### What this task involves
Every line that holds the word "Code" needs to be copied from the data below.

[Data extracted from a collection]
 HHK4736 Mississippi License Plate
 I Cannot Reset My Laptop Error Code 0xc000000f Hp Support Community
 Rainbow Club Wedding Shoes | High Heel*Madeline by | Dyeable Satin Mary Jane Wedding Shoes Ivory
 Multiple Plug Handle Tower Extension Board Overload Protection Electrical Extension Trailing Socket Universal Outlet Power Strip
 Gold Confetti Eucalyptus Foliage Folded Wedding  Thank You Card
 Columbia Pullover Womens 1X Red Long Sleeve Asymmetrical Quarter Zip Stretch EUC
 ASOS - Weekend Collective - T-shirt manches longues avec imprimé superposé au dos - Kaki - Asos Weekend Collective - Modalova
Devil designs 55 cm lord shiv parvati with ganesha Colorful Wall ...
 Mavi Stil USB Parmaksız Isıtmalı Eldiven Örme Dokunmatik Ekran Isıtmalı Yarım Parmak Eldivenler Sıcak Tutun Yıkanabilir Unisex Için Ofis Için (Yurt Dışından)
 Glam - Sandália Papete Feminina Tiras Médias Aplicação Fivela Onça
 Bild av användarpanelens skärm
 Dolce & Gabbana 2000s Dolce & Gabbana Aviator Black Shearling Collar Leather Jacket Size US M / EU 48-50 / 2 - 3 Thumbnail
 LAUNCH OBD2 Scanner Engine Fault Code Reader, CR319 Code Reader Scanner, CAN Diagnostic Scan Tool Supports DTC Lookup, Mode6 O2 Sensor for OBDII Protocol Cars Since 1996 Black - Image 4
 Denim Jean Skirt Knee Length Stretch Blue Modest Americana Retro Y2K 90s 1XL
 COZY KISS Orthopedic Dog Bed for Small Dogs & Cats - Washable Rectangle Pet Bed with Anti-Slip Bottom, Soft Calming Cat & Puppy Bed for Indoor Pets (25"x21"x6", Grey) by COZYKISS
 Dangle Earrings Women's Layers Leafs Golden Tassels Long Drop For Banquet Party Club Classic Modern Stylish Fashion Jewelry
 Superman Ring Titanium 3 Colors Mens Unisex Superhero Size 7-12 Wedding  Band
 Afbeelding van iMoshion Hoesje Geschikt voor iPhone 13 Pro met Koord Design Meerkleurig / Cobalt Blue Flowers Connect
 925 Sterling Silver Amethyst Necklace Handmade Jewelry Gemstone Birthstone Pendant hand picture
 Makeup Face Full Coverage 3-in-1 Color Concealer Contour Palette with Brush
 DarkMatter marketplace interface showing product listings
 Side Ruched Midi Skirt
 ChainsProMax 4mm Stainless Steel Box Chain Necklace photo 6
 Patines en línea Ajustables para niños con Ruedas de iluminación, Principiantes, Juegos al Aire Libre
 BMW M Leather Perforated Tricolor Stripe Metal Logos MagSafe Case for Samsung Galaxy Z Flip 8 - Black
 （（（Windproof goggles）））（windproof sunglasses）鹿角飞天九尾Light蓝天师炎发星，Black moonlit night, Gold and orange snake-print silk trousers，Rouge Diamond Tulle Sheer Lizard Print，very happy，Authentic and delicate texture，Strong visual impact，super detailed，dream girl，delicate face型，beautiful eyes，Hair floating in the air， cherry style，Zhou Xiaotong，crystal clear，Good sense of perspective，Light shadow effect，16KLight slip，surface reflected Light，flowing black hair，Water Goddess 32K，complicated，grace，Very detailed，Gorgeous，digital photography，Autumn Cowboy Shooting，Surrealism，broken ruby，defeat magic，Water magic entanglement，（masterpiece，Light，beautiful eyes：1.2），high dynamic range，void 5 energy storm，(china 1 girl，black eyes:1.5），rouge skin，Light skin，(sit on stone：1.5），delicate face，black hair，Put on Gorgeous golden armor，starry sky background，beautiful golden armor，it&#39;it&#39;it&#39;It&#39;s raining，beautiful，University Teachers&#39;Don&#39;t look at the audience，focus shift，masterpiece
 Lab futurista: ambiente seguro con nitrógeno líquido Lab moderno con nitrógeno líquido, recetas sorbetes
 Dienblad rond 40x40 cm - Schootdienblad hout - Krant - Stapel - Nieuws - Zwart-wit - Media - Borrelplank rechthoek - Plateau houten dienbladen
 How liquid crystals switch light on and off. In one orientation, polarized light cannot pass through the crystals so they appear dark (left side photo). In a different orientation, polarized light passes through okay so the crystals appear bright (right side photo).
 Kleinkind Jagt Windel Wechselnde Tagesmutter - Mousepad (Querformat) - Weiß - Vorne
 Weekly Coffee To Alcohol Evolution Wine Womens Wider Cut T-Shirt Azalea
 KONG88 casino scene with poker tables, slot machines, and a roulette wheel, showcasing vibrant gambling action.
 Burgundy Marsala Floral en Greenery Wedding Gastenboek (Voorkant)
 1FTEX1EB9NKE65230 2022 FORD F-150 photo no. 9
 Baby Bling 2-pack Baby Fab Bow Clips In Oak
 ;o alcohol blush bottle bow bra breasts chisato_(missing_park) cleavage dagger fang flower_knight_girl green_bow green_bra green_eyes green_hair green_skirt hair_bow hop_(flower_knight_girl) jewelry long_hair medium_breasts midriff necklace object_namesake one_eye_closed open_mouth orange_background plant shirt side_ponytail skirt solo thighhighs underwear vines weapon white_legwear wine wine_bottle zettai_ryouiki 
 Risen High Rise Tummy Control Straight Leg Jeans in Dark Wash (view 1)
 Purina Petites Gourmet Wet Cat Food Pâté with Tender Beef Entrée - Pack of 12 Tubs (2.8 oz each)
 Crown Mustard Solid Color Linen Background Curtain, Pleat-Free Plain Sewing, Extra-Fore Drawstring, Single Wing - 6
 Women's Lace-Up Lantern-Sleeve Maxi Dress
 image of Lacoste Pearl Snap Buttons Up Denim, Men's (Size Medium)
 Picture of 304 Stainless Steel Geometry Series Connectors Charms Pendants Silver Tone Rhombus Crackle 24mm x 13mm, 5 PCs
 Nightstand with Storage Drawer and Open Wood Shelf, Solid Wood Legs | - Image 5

### Response to this exercise
 I Cannot Reset My Laptop Error Code 0xc000000f Hp Support Community
 LAUNCH OBD2 Scanner Engine Fault Code Reader, CR319 Code Reader Scanner, CAN Diagnostic Scan Tool Supports DTC Lookup, Mode6 O2 Sensor for OBDII Protocol Cars Since 1996 Black - Image 4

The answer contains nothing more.